The authors of Reporting Dangerously make no such mistake. This engaging volume begins with the well-documented premise that covering armed conflict is becoming more dangerous. While accepting that, methodologically, ‘There are difficulties that persist, and perhaps have increased,’ (p. 52) in compiling statistics, it offers plenty of evidence to support the argument that journalists ‘are being targeted, murdered, and intimidated more regularly and in increasing numbers.’ (p .1). In seeking to understand why, the book draws on substantial scholarship on violence and globalization from a variety of fields, especially history and sociology. Cottle is persuasive when he argues that western societies have led the way in ‘violent military conquest’ (p. 71) since the sixteenth century, but also – and here the point relates to journalism in particular – inspired ‘“modern” dynamics of increasing empathy and moral repugnance at violence’ (p. 71).
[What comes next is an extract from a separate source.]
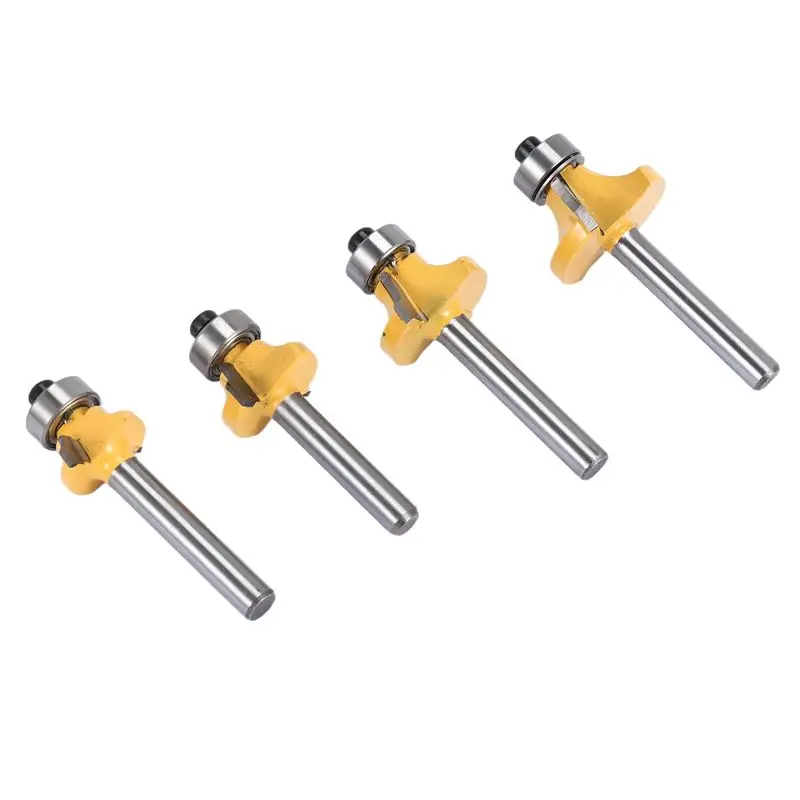 

AS63-4Pcs 1/4 Inch Shank Round Over Router Bits Corner Rounding Edge-Forming Edging Tool Set, 5/16 Inch 3/16 Inch 1/4 Inch 1/8 I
If this duality explains some of the trends which have created the ‘Violent History of the Globalised Present’ (Chapter 4), then the book advances a disturbing case that journalists themselves are no longer permitted the benefit of any doubt as to their own roles. Presenting the Kurt Schork Awards for International Journalism in 2015, the respected correspondent Peter Greste – referring to his and his Al Jazeera colleagues’ incarceration in Egypt – linked his fate to the aftermath of September 11th. Since then – when President George W. Bush warned the nations of the world, ‘Either you are with us or you are with the terrorists’ – Greste suggested it had become much harder for journalists to be seen as neutral observers. Richard Sambrook argues (p. 20) that, ‘The attitude of “you’re either with us or against us” denies the legitimacy of independent journalism.’ Greste’s ordeal is mentioned here, along with his reflection, written in his prison cell, that, ‘Never has clear-eyed, critical, sceptical journalism been more necessary.’ (p. 56).

It is to the authors’ credit that this is one of their recurring themes. Journalists may sometimes be dismayed – rightly or wrongly – about some of the conclusions drawn in scholarly studies of their activities, and production. This volume recognizes this early on, accepting that academic studies are too often guilty of ‘failing to recognise the professional motivations and practical dangers’ (p. 6) involved in today’s journalism. It is heartening to see the authors thank the journalists interviewed for the volume, ‘for their enduring commitment to this work which regularly places themselves in harm’s way’ (p. 112). It is also good to see the wide variety of cases considered. This volume does not confine itself to a consideration of international correspondents working for major news organizations such as the BBC or Al-Jazeera. It rightly recognizes and discusses the many hazards faced by journalists covering crime and drugs stories in countries such as Mexico and the Philippines.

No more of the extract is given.